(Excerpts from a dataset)

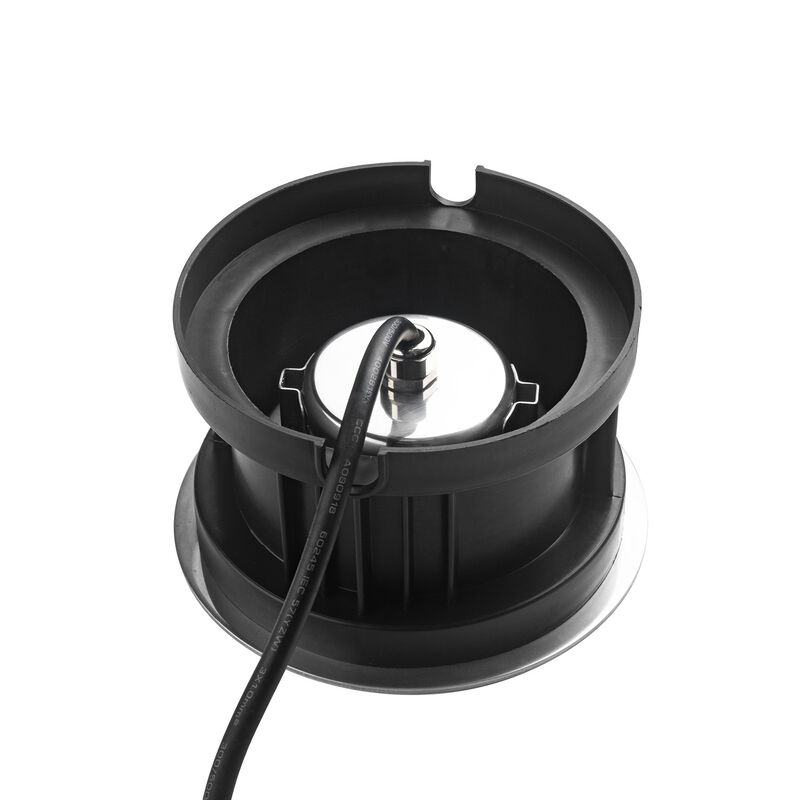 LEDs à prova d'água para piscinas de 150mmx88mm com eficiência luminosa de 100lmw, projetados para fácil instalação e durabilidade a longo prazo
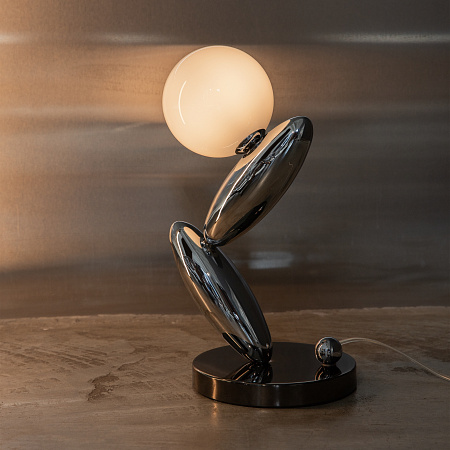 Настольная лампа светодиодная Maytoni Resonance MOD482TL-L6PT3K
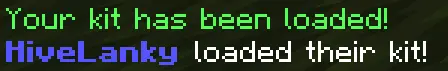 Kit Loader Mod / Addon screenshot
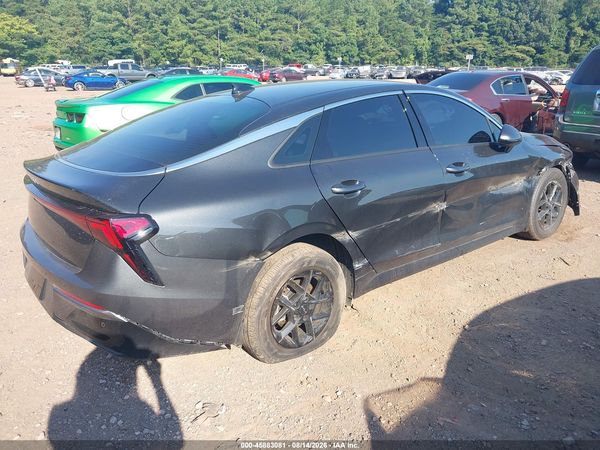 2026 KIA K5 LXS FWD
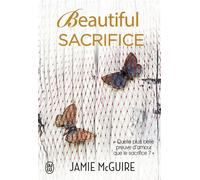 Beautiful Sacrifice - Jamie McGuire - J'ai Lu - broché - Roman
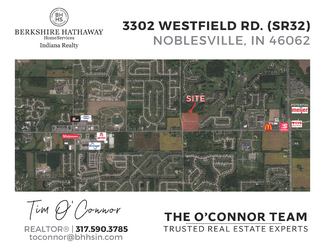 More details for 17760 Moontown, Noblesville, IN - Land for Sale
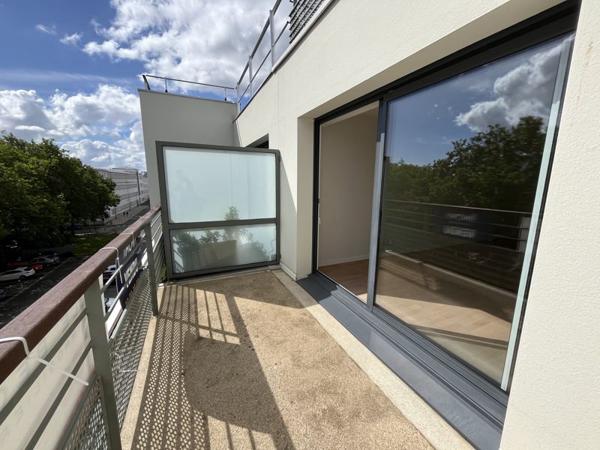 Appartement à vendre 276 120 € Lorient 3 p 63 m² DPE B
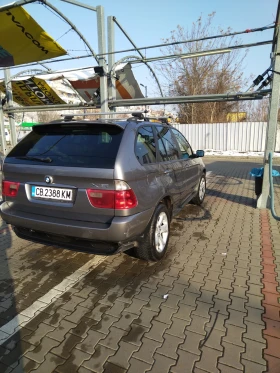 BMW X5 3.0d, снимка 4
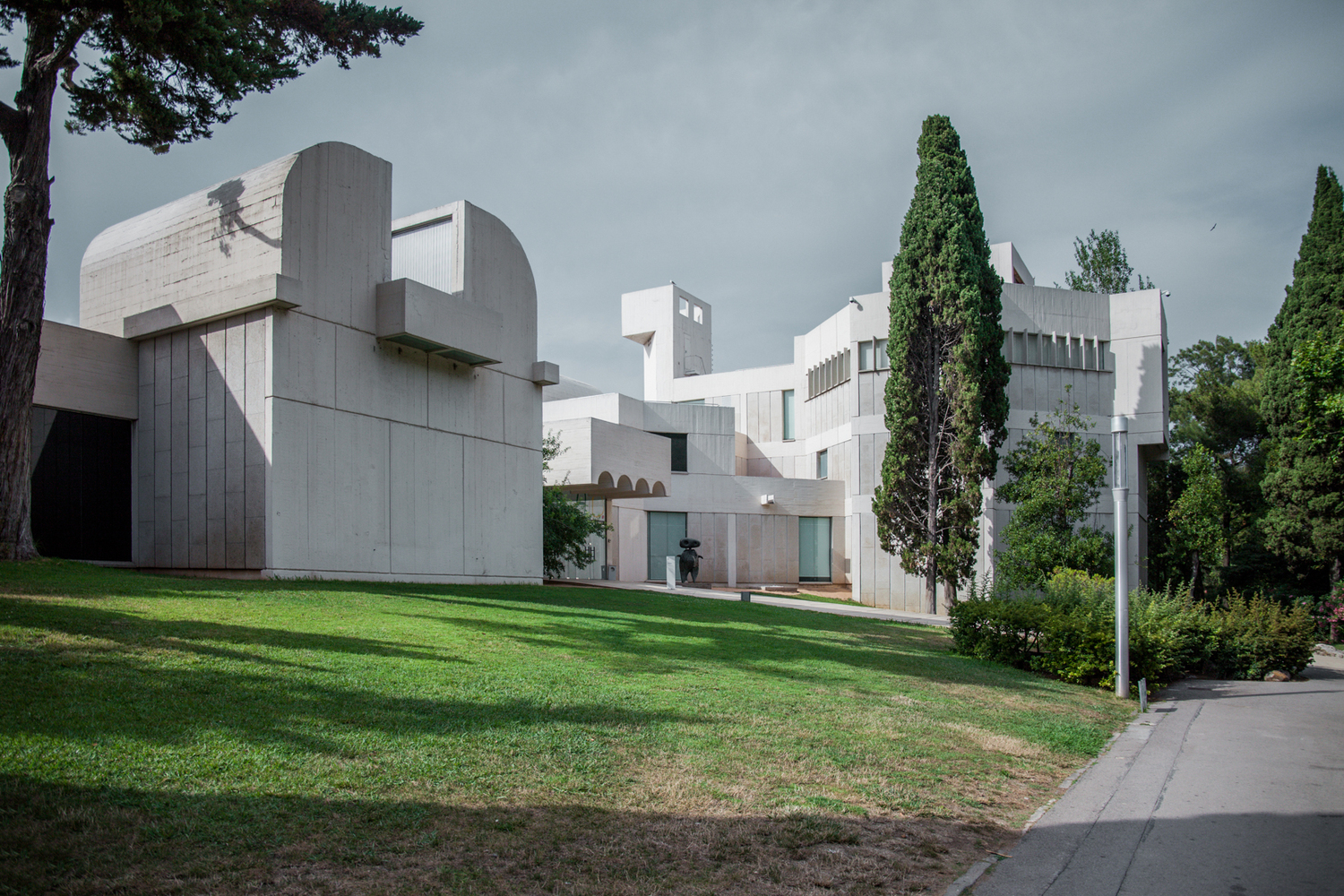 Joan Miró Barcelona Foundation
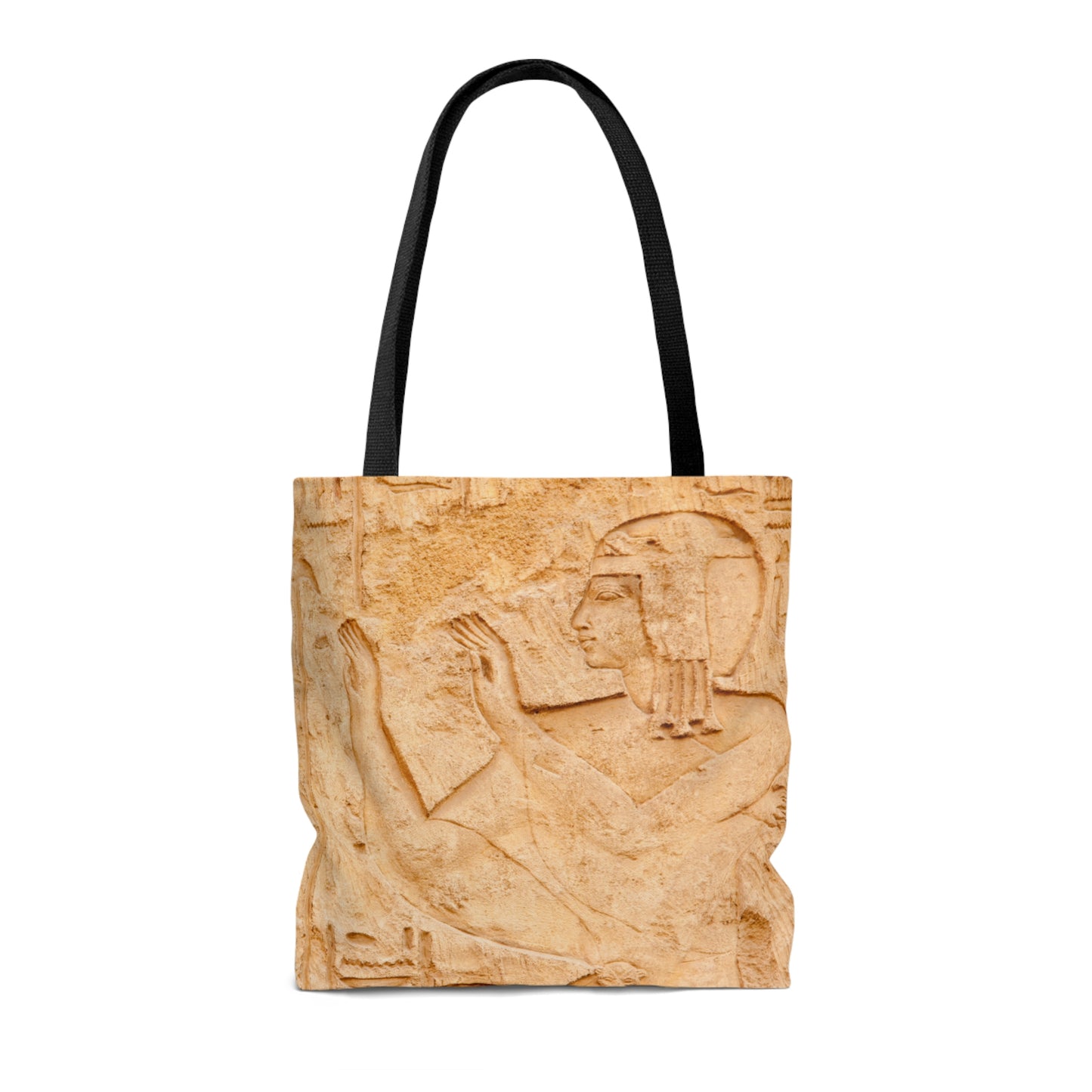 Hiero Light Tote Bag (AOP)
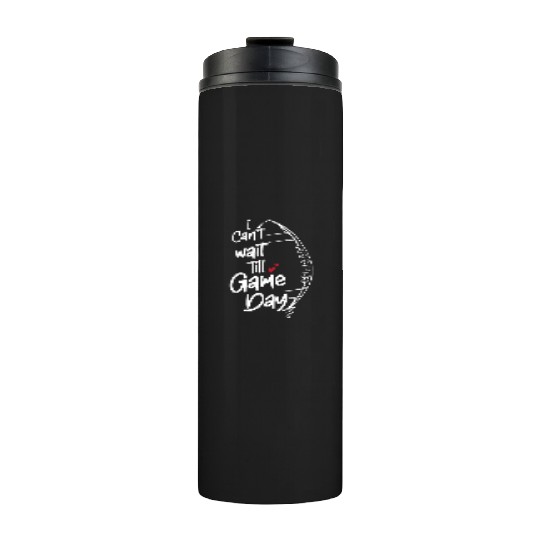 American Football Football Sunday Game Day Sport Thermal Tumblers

Problem description:
Transcription of the lines from the one with "Joan Miró Barcelona Foundation" through the end of the entries is required, exact and with no pictures.

Response:
 Joan Miró Barcelona Foundation
 Hiero Light Tote Bag (AOP)
 American Football Football Sunday Game Day Sport Thermal Tumblers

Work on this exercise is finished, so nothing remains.